--- START ---
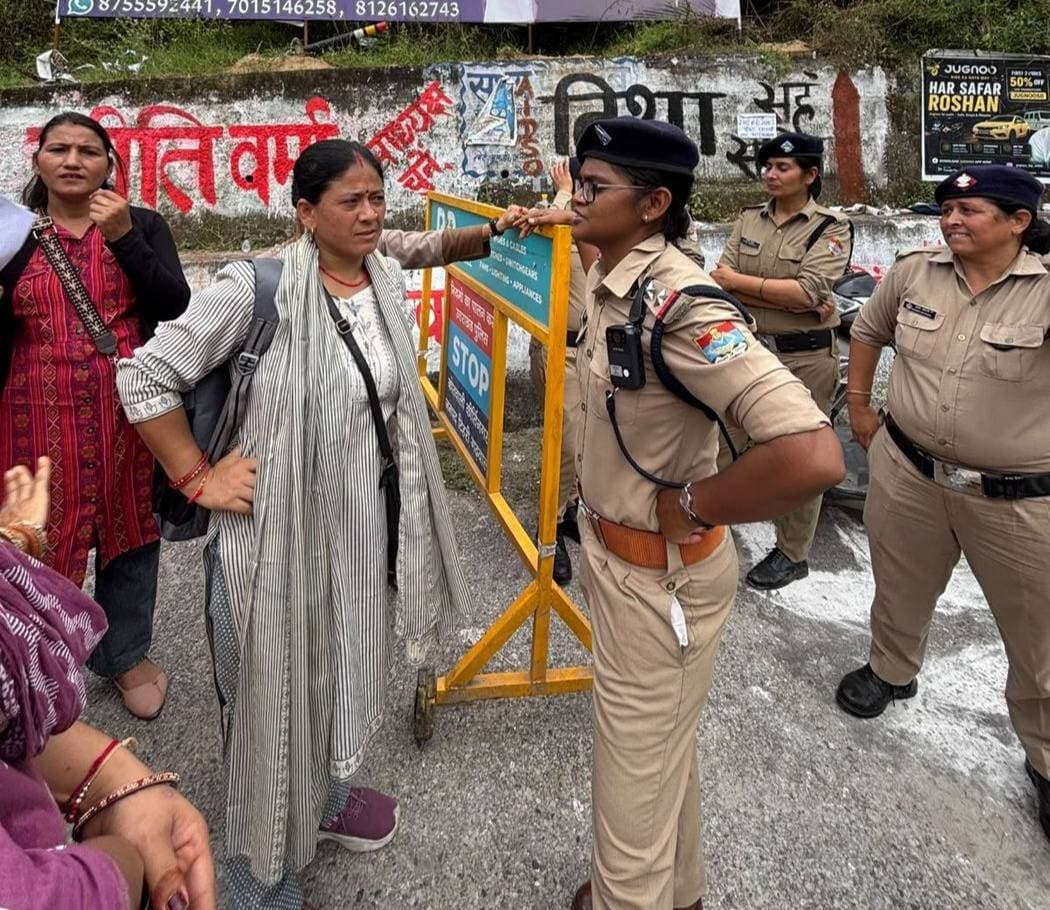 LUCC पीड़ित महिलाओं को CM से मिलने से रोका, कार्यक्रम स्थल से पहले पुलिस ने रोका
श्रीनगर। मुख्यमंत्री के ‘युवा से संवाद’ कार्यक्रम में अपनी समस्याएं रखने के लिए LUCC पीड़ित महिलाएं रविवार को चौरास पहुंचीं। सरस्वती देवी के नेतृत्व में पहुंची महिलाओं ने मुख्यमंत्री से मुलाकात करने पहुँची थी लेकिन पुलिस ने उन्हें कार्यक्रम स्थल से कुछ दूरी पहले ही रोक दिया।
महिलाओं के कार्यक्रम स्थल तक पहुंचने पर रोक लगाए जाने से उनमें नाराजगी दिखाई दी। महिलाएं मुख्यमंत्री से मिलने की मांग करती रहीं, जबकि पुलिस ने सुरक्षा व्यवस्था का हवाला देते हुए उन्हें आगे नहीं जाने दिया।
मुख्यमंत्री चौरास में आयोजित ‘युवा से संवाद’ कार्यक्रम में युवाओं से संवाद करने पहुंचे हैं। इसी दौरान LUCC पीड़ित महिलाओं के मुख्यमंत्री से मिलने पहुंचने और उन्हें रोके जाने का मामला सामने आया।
--- END ---
--- START ---
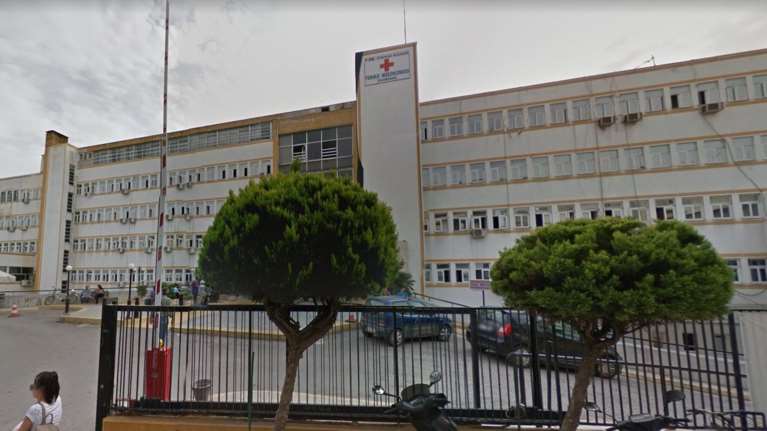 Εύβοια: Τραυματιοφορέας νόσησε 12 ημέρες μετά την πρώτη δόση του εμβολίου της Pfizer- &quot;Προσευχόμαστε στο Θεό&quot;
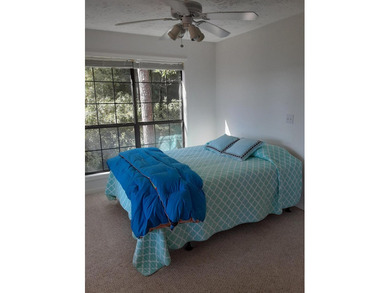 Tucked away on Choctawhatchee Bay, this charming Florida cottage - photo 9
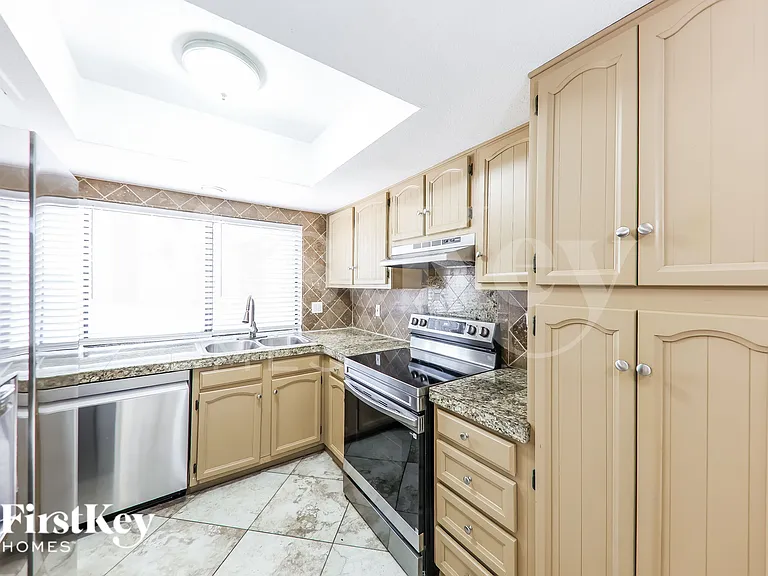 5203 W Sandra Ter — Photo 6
--- END ---
--- START ---
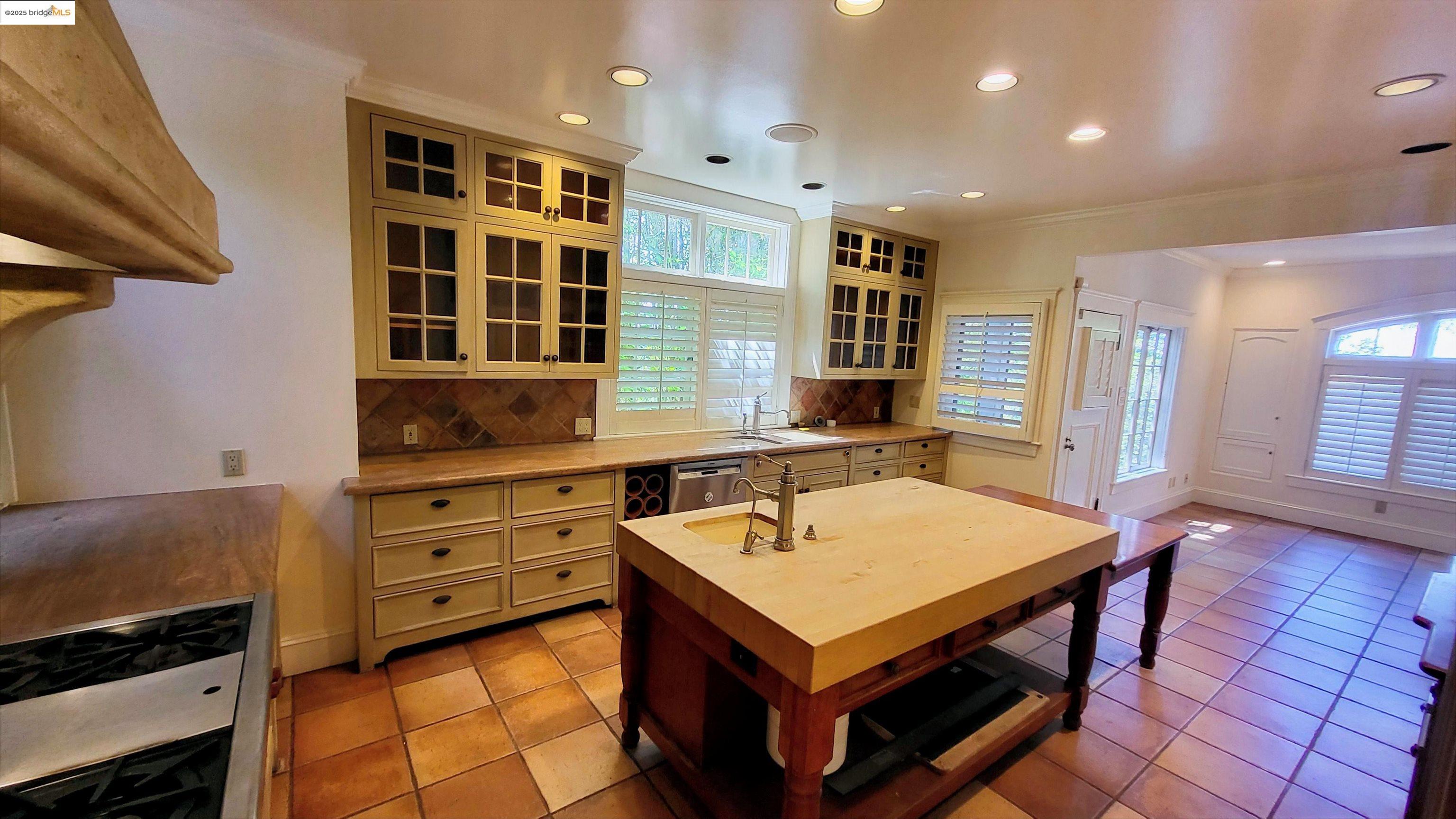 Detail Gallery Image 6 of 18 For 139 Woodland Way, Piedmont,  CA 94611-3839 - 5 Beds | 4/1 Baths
--- END ---
**WORK INSTRUCTIONS:** Nothing but the lines above from the one that has "Tucked away on" down to the one that has "5203 W Sandra Ter — Photo 6" belongs in the answer, copied exactly, without pictures.

**SOLUTION BELOW:**
 Tucked away on Choctawhatchee Bay, this charming Florida cottage - photo 9
 5203 W Sandra Ter — Photo 6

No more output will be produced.